I recently wrote how I am not a fan of change. As a planner and a creature of habit (see: routine) it is really difficult for me to just let things go and fly by the seat of my pants. Some call it trust issues. Whatever. I just don’t like change. Not. One. Single. Bit. But sometimes, I crave it. Aren’t feelings so weird and conflicting sometimes?
As I was reflecting on this post, I realized that in those moments where I feel like time is crawling by are the moments I need to be open to change. These are the times when God is working in me, and the only way that I can grow from an experience is to allow change.

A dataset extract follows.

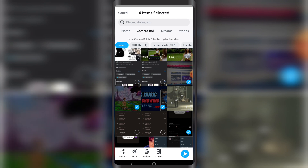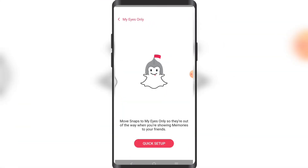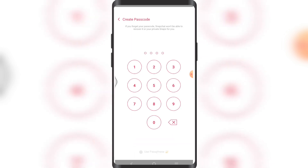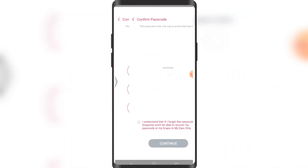Now if I tap on Hide after selecting those pictures, this is going to say something like Quick Setup, especially if you haven't used this option before. Let's tap on Quick Setup. Here you'll want to add a passcode — I'm just going to add zero triple three. This is my passcode; I understand that if I forget this passcode, Snapchat won't be able to recover my passcode or my snaps in my Eyes Only.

With that said, we are really in for a year of changes. Moving, new house, new rooms to organize and decorate, new schedules, new normals. Our “normal” as it is will change drastically, and part of that makes me cringe. I like comfortable. I like knowing what is going to come next in my day to day and be able to predict. Quite frankly, I don’t know HOW this whole moving thing is going to go. It freaks me out. I have laid in bed at night wondering things like “Will it be weird to have a bedroom so close to the kids?”, “Will the kids even like moving?”, “How long will it take me to get used to the fridge being on the left side of the kitchen as opposed to the right side?”, and “Where will we PUT everything?”. (Seriously, I have issues.)
So after my brain calms down, I take a deep breath and remind myself that change is good. I can do this. We can do this. It’s going to take time and patience, but it will be so worth it.